Drastic changes to the existing landscape of premises-liability law may be on the horizon. The fate of the open-and-obvious doctrine in general and the special-aspect exception in particular hang in the balance as the Supreme Court recently entertained mini-oral argument on the application for leave to appeal in Kandil-Elsayed v F&E Oil on March 2, 2023.
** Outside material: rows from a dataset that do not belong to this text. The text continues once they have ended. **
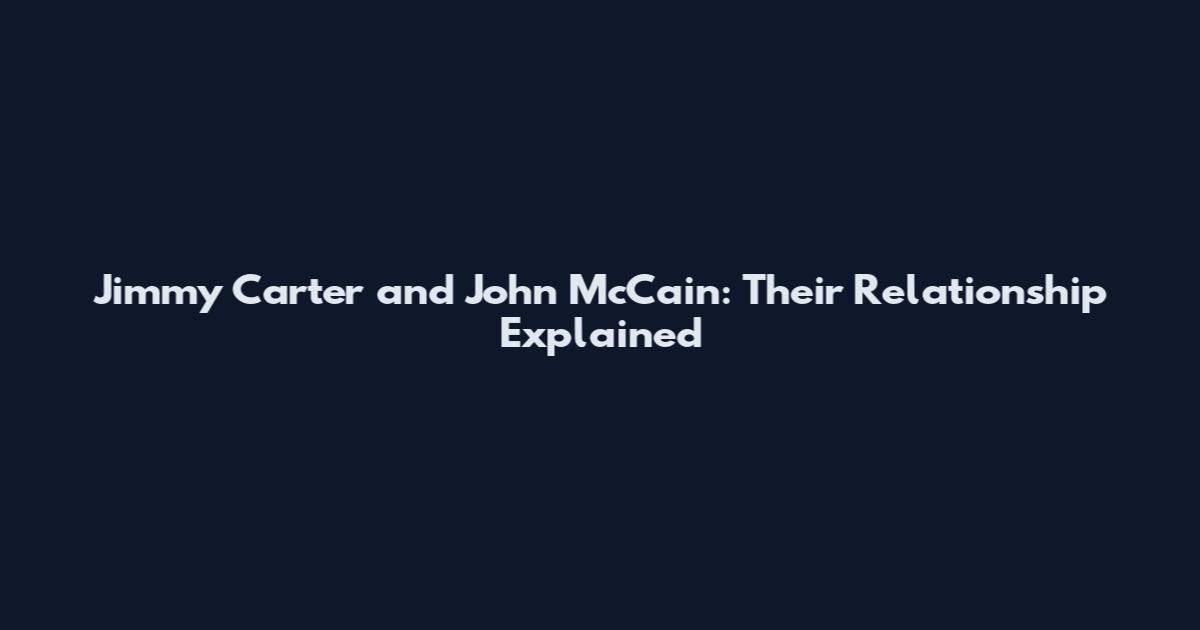 Jimmy Carter and John McCain: Their Relationship Explained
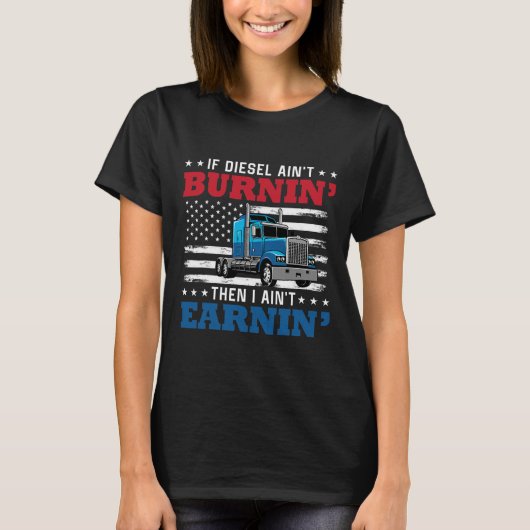 Wenn Diesel Aint Burning I Aint Earning T-Shirt (Vorderseite)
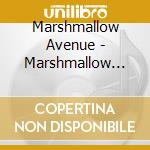 Marshmallow Avenue - Marshmallow Avenue cd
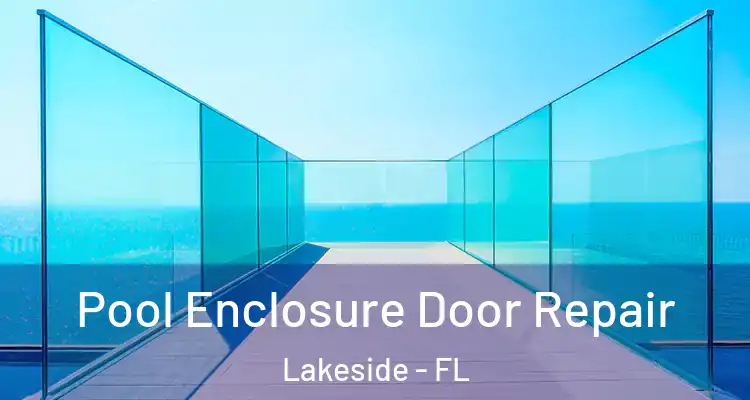  Pool Enclosure Door Repair Lakeside - FL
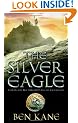 The Silver Eagle (The Forgotten Legion Chronicles)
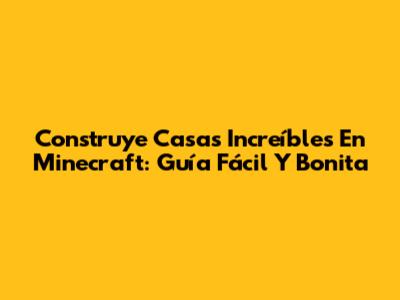 Construye Casas Increíbles En Minecraft: Guía Fácil Y Bonita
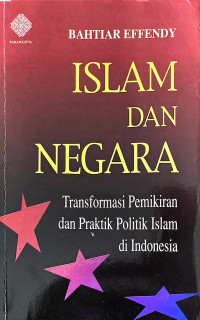 Islam dan Negara: Transformasi Pemikiran dan Praktik Politik Islam di Indonesia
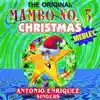 Antonio Enriquez Singers - The Original Mambo No.5 Christmas Medley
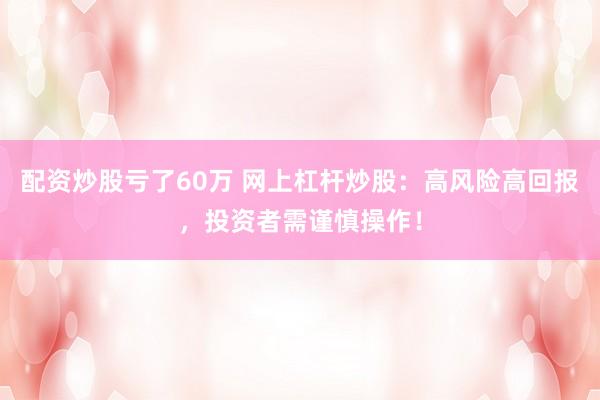 配资炒股亏了60万 网上杠杆炒股：高风险高回报，投资者需谨慎操作！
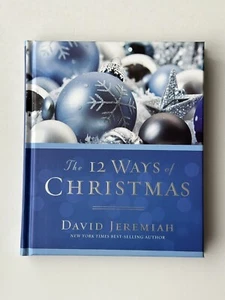 The 12 Ways Of Christmas - By David Jeremiah - Hardcover Book - Picture 1 of 9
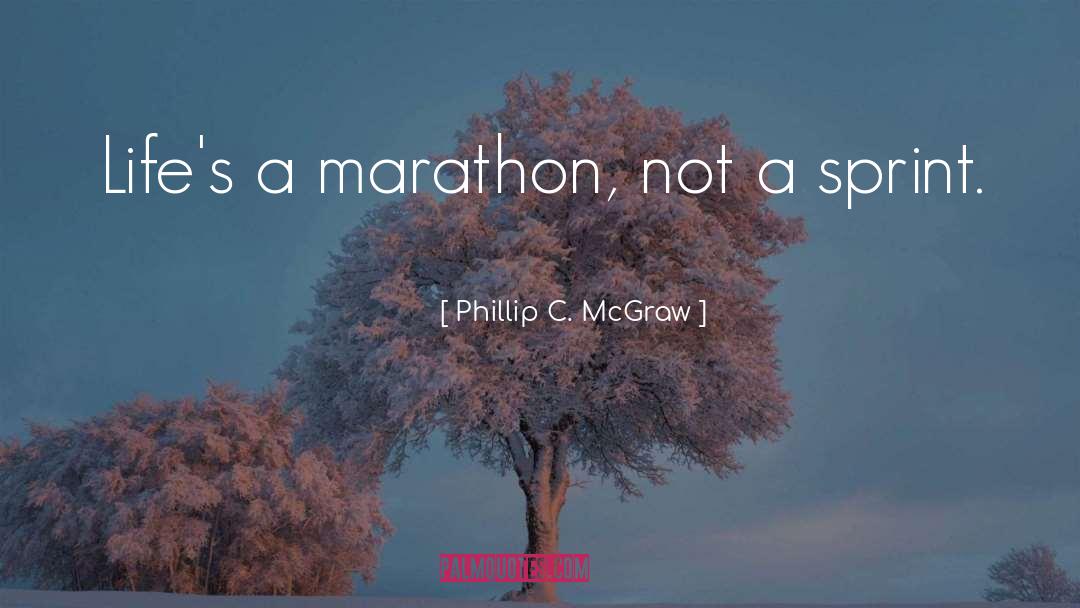 Sprint quotes by Phillip C. McGraw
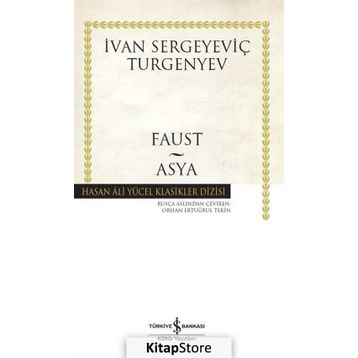 FAUST - IVAN SERGEYEVİÇ TURGENYEV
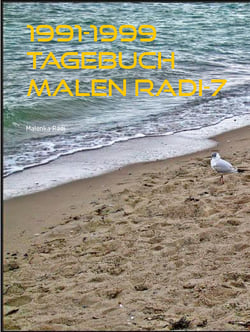 1991-1999 Tagebuch Malen Radi-7 - Frisch und fröhlich als Theaterfrau unterwegs.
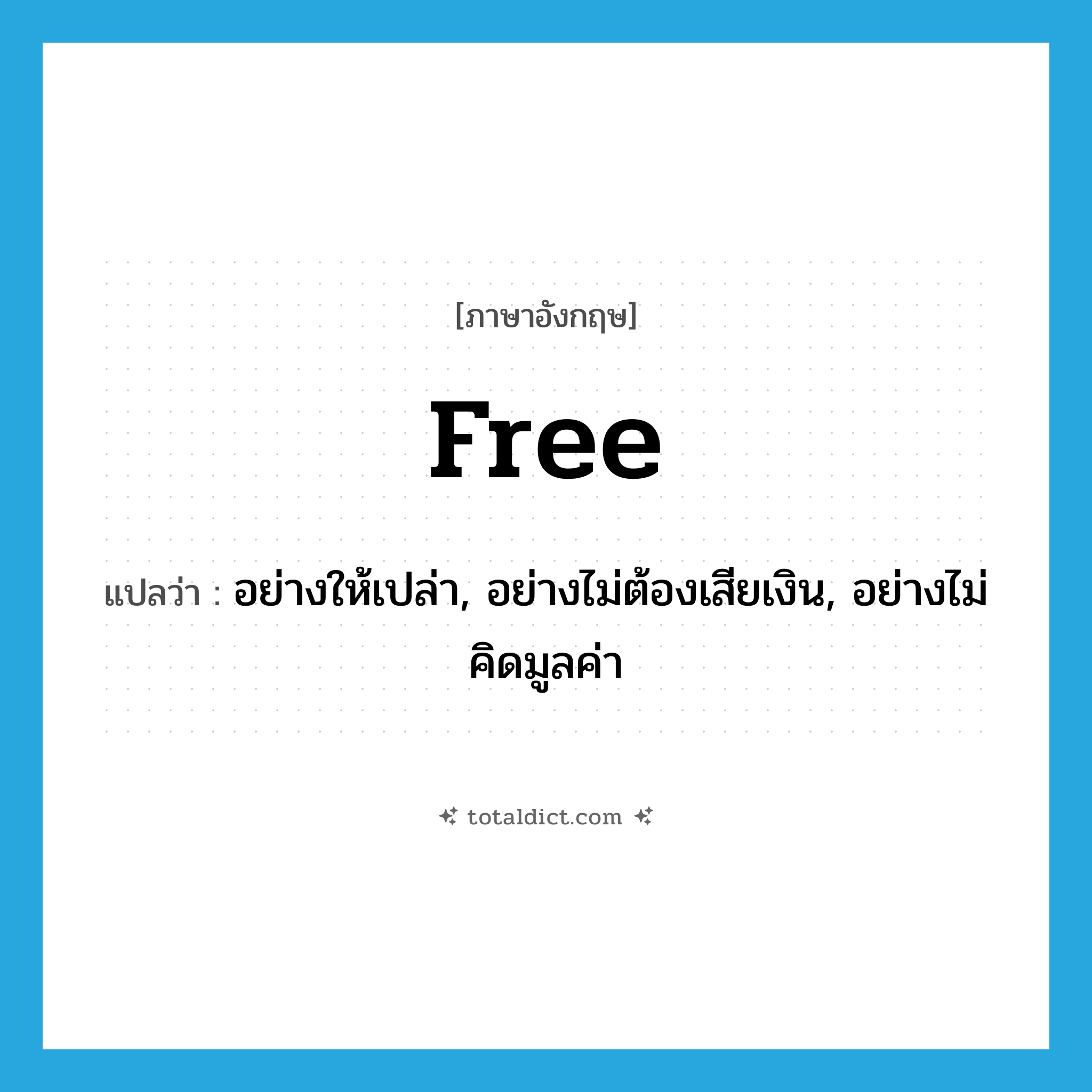 free แปลว่า?, คำศัพท์ภาษาอังกฤษ free แปลว่า อย่างให้เปล่า, อย่างไม่ต้องเสียเงิน, อย่างไม่คิดมูลค่า ประเภท ADV หมวด ADV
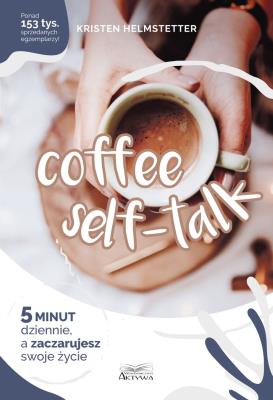 Okładka książki Coffee Seff-Talk. 5 minut dziennie..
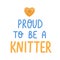 Lettering phrase for knitting shop im blue and yellow colors proud to be a knitter vector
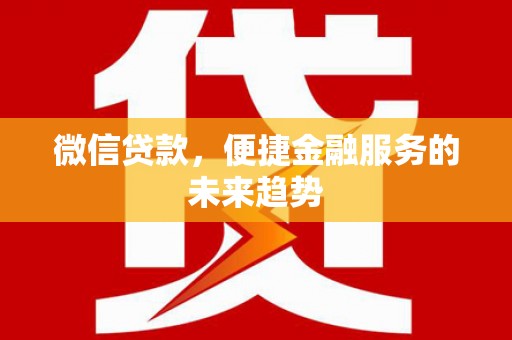 红安微信贷款，便捷金融服务的未来趋势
The doctrine has been around for the better part of a century, at least in some form, and become entrenched in the fabric of our premises-liability jurisprudence. The gist of the doctrine is that landowners do not owe invitees a duty to ameliorate or warn of open and obvious conditions—viz., conditions apparent or discoverable upon casual inspection—because such conditions, by their nature, come with their own warnings. The exception to the doctrine is narrow. Landowners may owe invitees a duty to eliminate or warn of open and obvious conditions if special aspects—viz., circumstances or characteristics that make such conditions effectively unavoidable or unreasonably dangerous—exist and give rise to a “uniquely high” likelihood of harm.
The issue that piqued the interest of the Supreme Court is whether the doctrine, as articulated in Lugo v Ameritech Corporation, is compatible with comparative negligence. Given the jurisprudential significance of the issue, the Supreme Court invited amicus curiae to weigh in. Appellate attorneys from Collins Einhorn filed an amicus-curiae brief on behalf of several insurance carriers.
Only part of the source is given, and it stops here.